- Opening Delimiter -

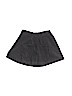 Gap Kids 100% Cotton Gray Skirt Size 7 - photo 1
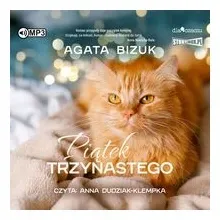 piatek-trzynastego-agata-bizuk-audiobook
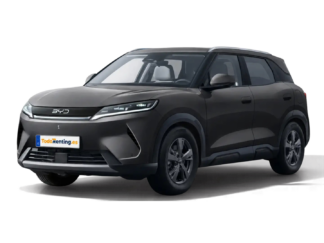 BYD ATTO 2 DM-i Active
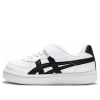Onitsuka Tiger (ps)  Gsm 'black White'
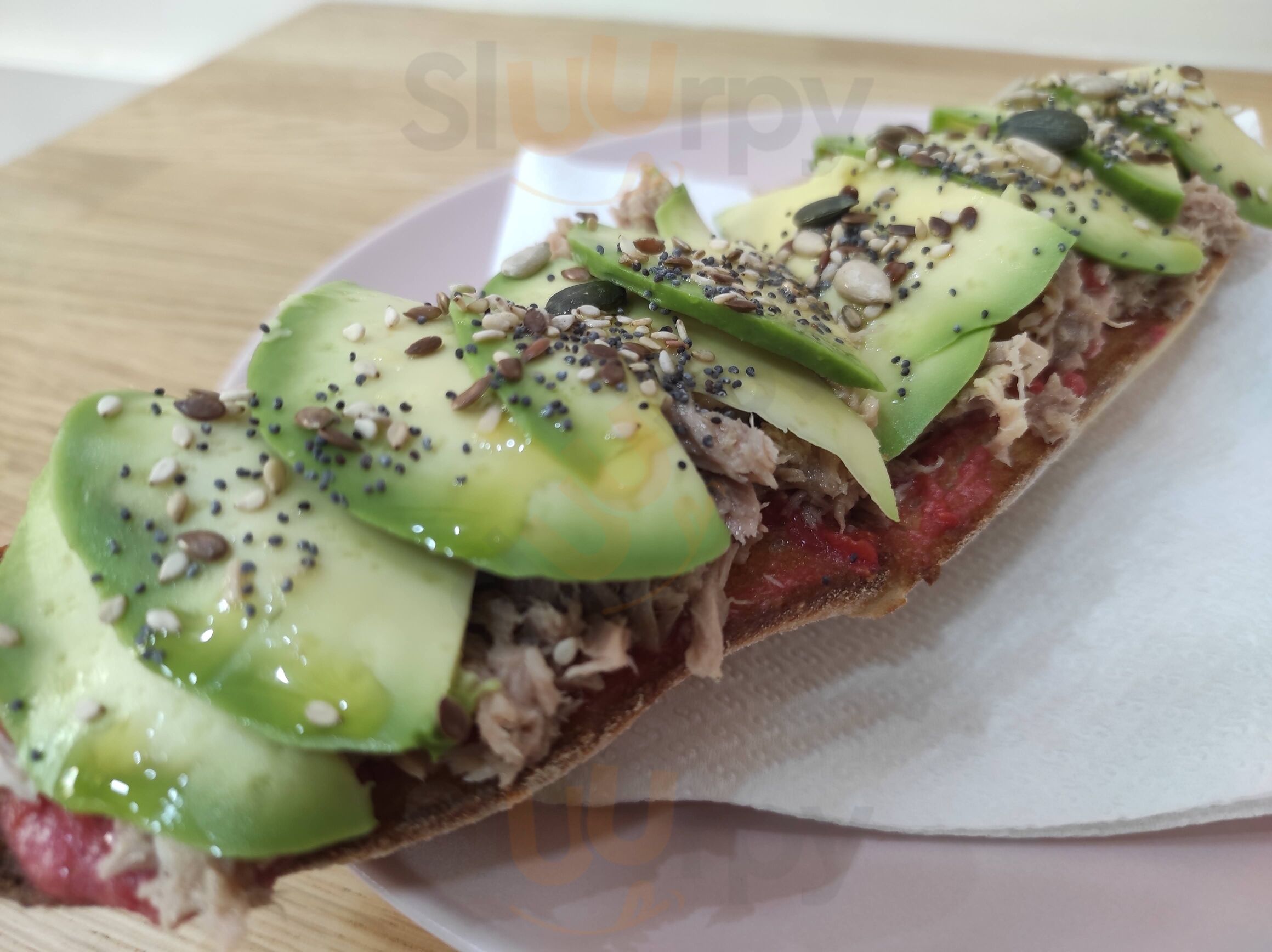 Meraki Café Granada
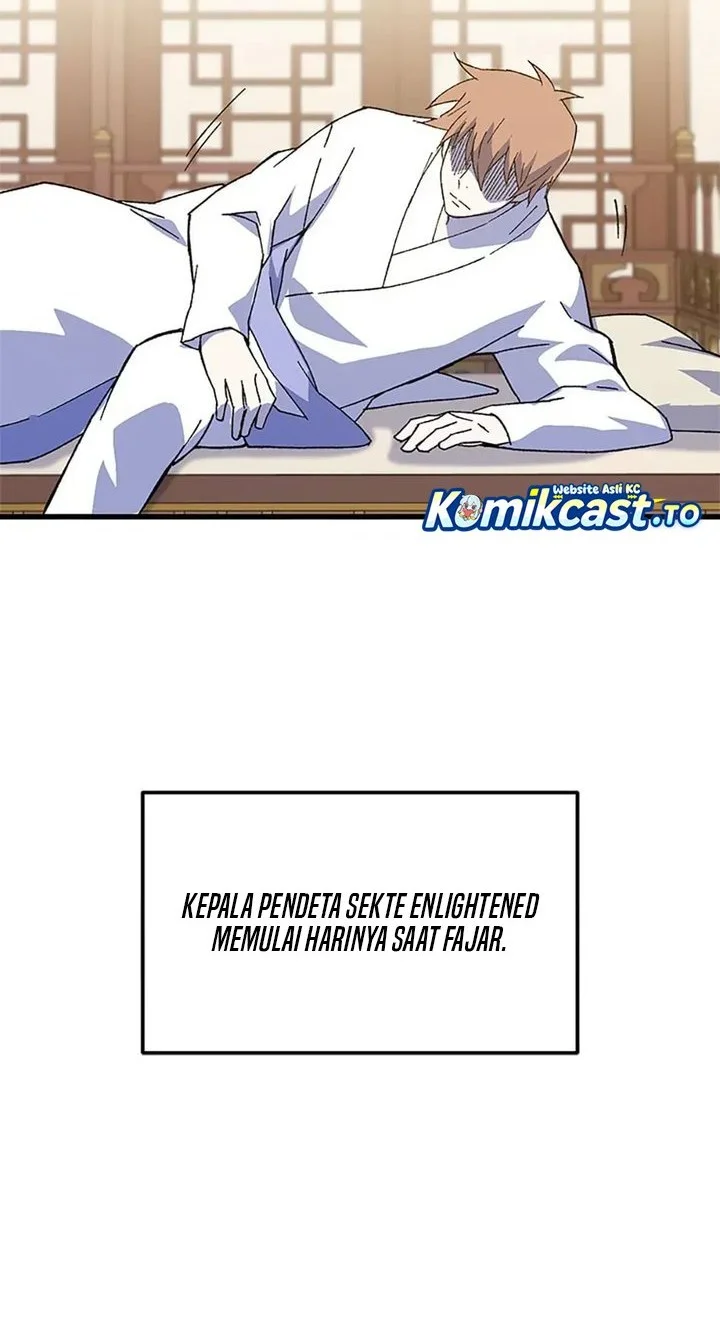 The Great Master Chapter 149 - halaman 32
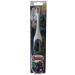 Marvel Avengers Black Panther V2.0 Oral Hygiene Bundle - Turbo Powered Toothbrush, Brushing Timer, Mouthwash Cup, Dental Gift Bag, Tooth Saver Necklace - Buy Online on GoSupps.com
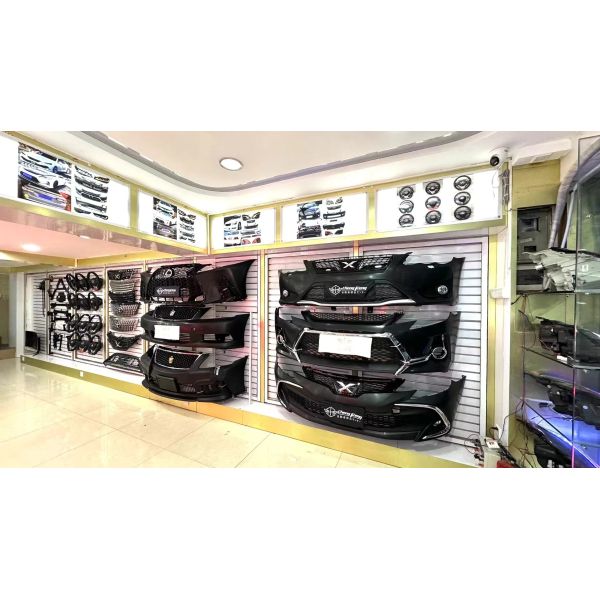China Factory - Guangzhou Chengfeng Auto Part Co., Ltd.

- Closing Delimiter -

Quote exactly, and nothing besides, the lines from the one with "The Great Master Chapter 149 - halaman 32" through the end of the records above; include both ends and omit the pictures.

 The Great Master Chapter 149 - halaman 32
 Marvel Avengers Black Panther V2.0 Oral Hygiene Bundle - Turbo Powered Toothbrush, Brushing Timer, Mouthwash Cup, Dental Gift Bag, Tooth Saver Necklace - Buy Online on GoSupps.com
China Factory - Guangzhou Chengfeng Auto Part Co., Ltd.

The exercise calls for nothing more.